This curious era ended in 1868, when Queen Isabella, a nymphomaniac, was herself expelled by the greatest of Spain’s liberal generals, Prim. If the occasion of her departure was her excessive reliance on Father Claret, her confessor, the real cause was a revolt against the style of government over which Isabella and her ‘Court of Miracles’ had vaguely presided. The succeeding seven years were confused. A brother of the King of Italy, the Duke of Aosta, was brought in as King Amadeo I. This attempt at bourgeois monarchy could not contain the violence rearoused between liberals and conservatives, newly in arms. Amadeo abdicated. The First Spanish Republic was proclaimed. This republic was at first intended as a federal one, in which the provinces would have substantial rights. But the intellectuals who planned this were powerless to ensure the survival of authority of any kind. In the north, the Carlists rose again under a grandson of the Old Pretender, and were generally supported by the church throughout the Peninsula. In the south and south-east, many coastal towns proclaimed themselves independent cantons. Once again, the army eventually took power. While restoring order, the generals decided that there was no alternative save to bring back Queen Isabella’s son, then a cadet at Sandhurst, as King Alfonso XII.

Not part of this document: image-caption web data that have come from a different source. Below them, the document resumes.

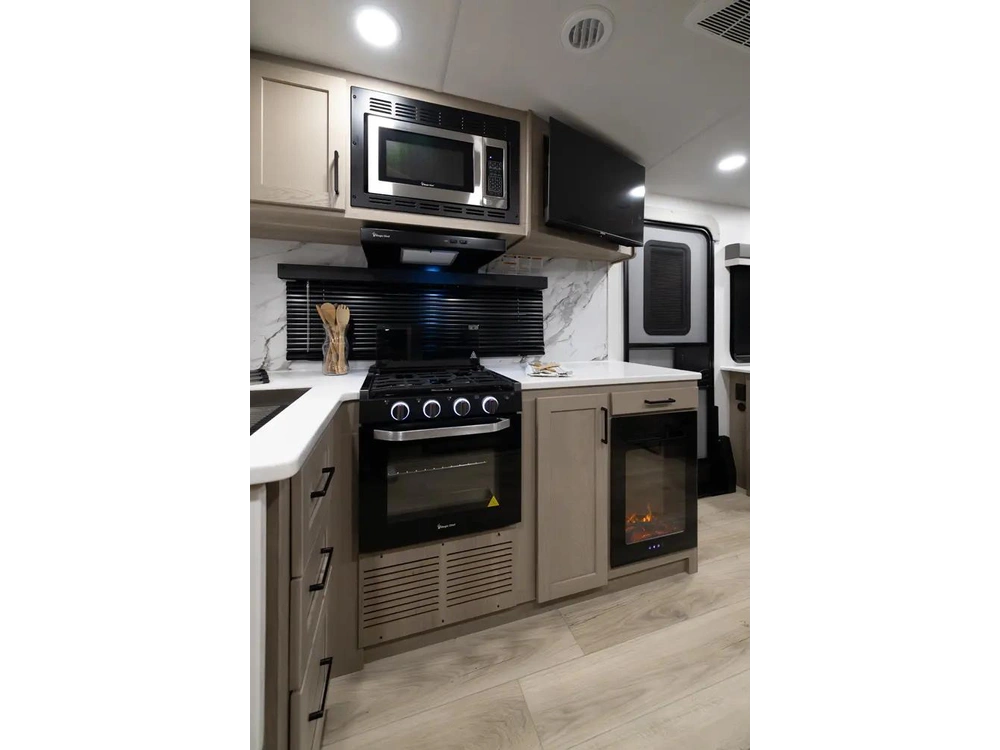 Forest River Flagstaff 26srd 2026 alt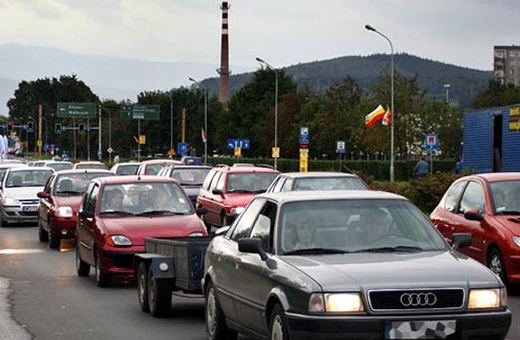 Dni są coraz krótsze: ze światłami jest bezpieczniej.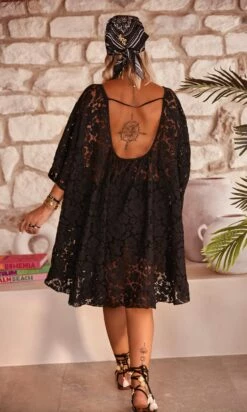 Petite Robe Joana Oversize Dentelle Noir -Vêtements Soldes 2024 facetune 26 07 2023 14 19 53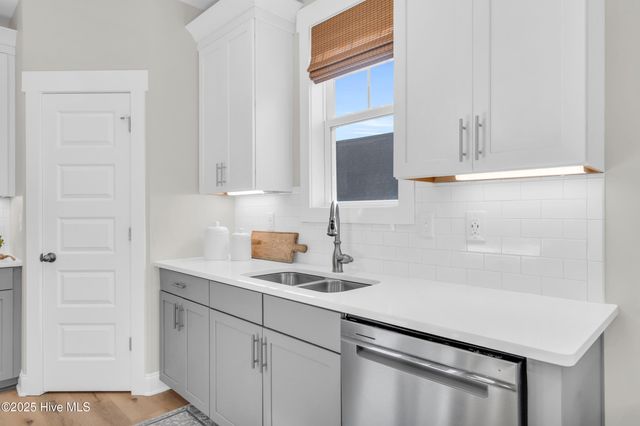 238 Spicer Lake Drive, Holly Ridge, NC 28445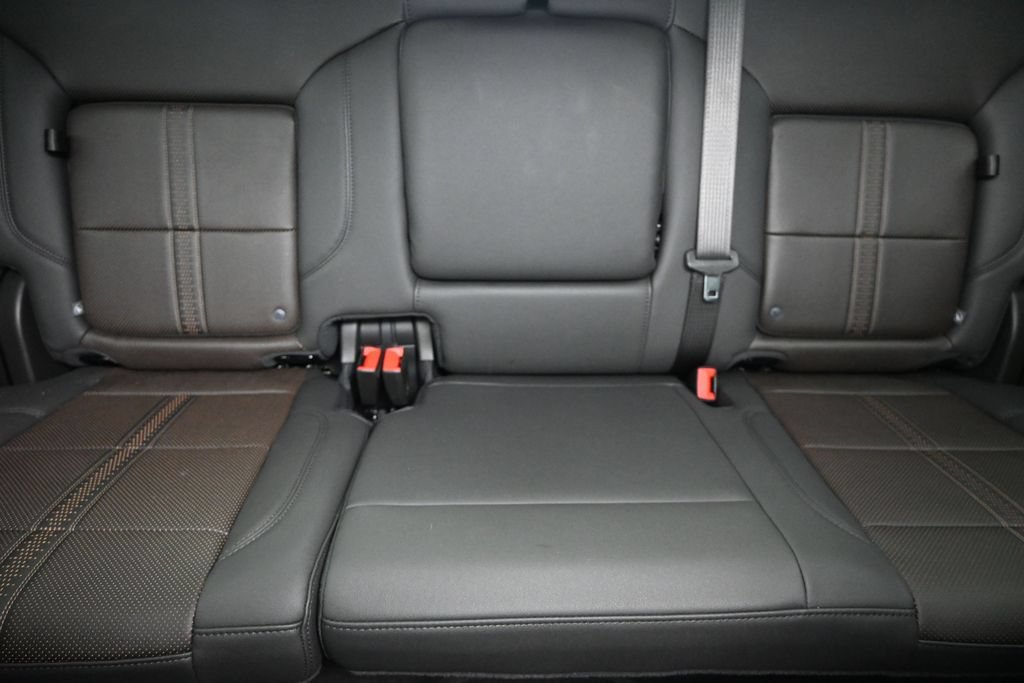 New 2026 Chevrolet Silverado 1500 High Country w/ High Country Premium Package AWD/4WD image 30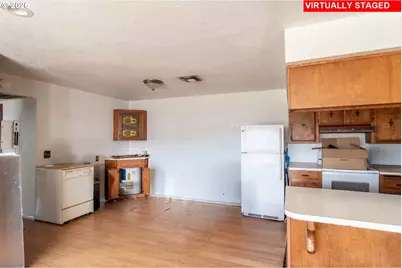 1880 NE Stephens St, Roseburg, OR 97470 - Photo 31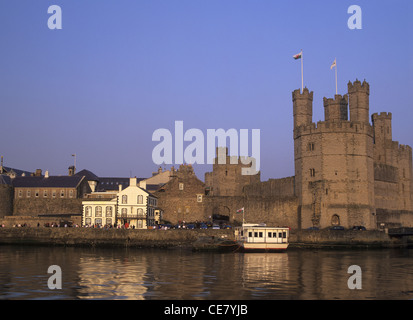 Château de Caernarfon Gwynedd au nord du Pays de Galles construit par Edward 1 sur le détroit de Menai Banque D'Images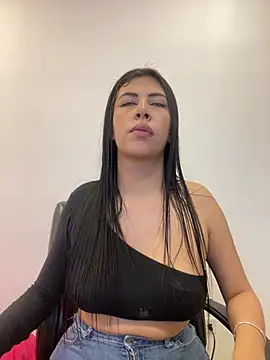 Alanna_atm_ webcam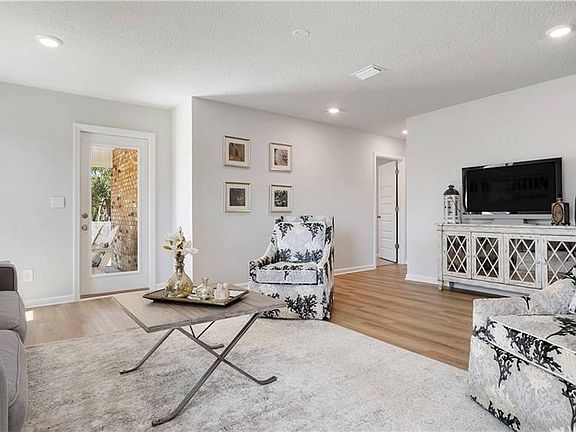 3rd image of 10647 Relic Rd N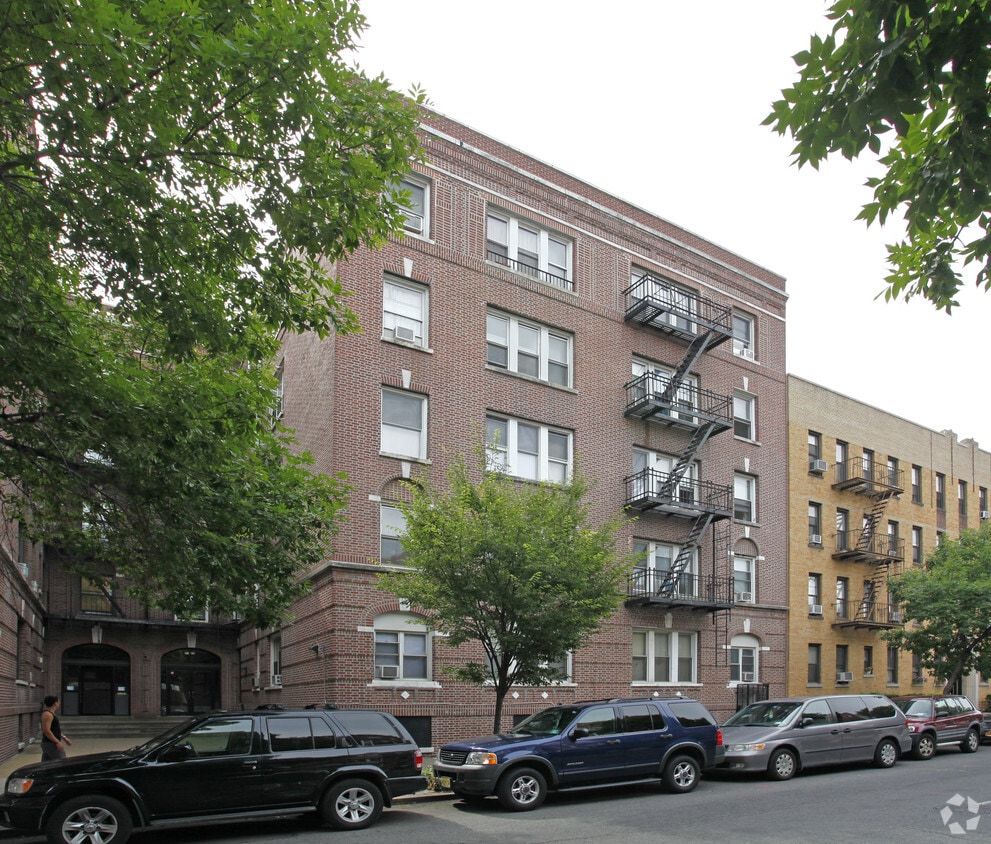 Building Photo - 31-69 33rd St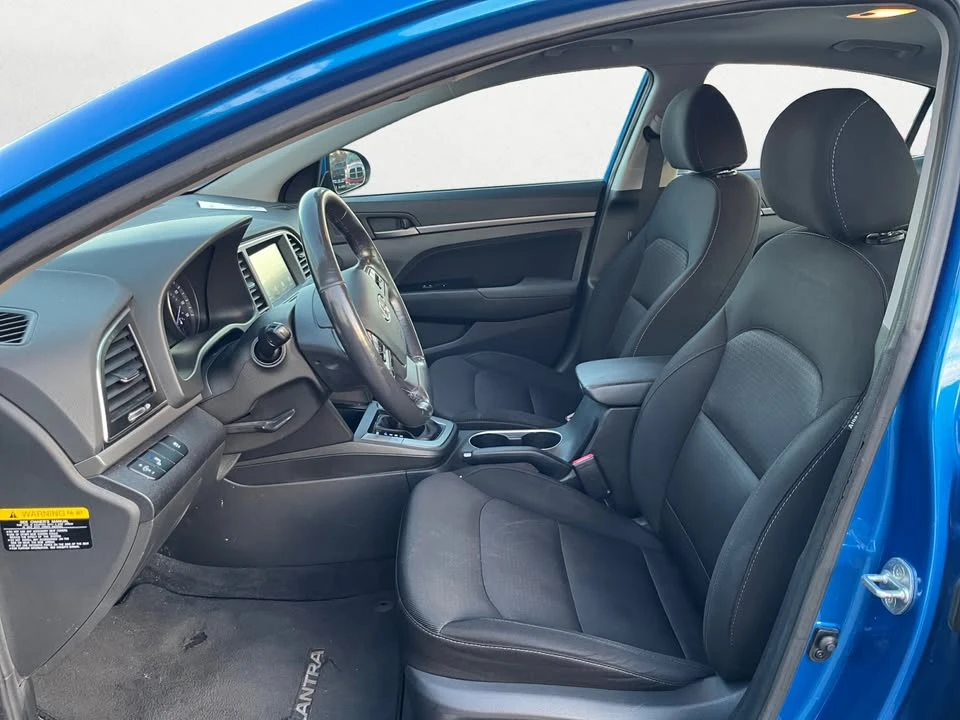 2017 Hyundai Elantra - Image 10 of 17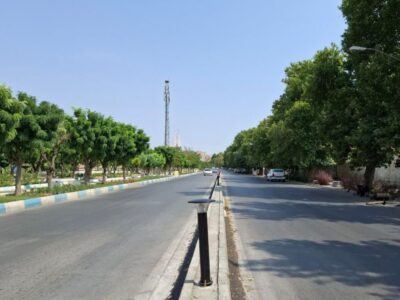 💠 نصب گل‌میخ‌های ترافیکی و جداکننده در خیابان قدوسی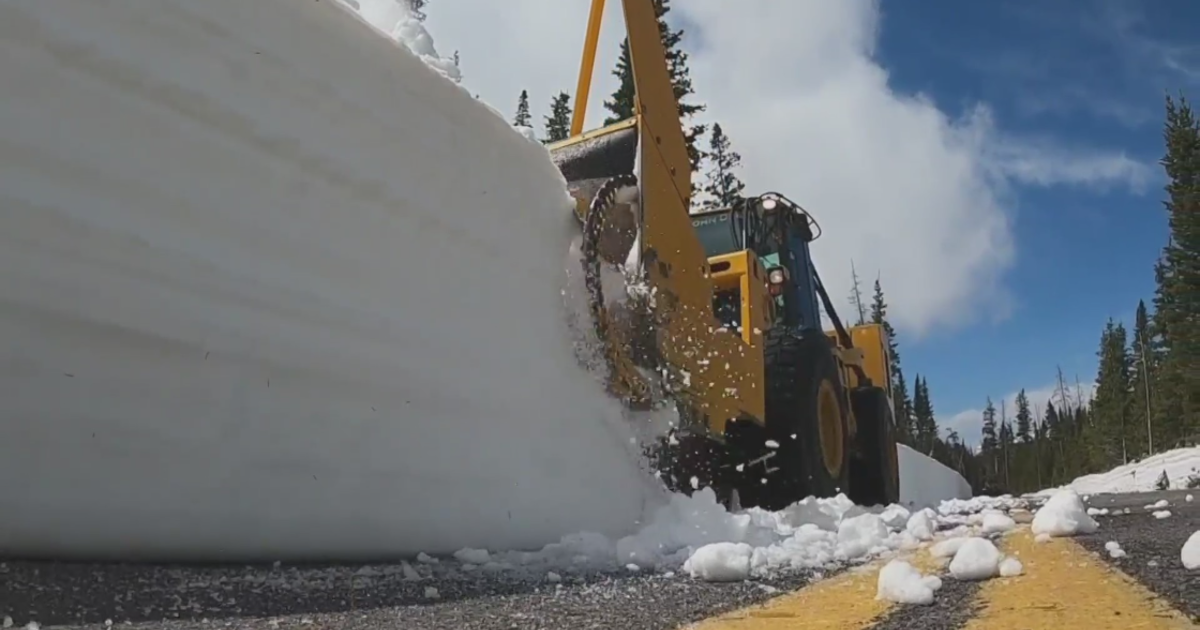 When will Trail Ridge Road open? Rocky Mountain National Park crews are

A constitution was promulgated in 1876. Thanks to favourable European conditions of trade, Spain was prosperous in the 1880s. Universal male franchise was nominally introduced. But the results of the elections were always defrauded by an informal pact, the
turno pacífico,
between the two main parties, carried out by the agency of the minister of the interior and local political bigwigs, the
caciques.
The people
of Spain came to look upon the parliamentary system, a deliberate imitation of English practice, as a means of excluding them from politics. Alfonso XII, meanwhile, died young in 1885, at the age of twenty-eight, leaving a posthumous son, Alfonso XIII, for whom his mother, María Cristina, ruled as Regent till 1902.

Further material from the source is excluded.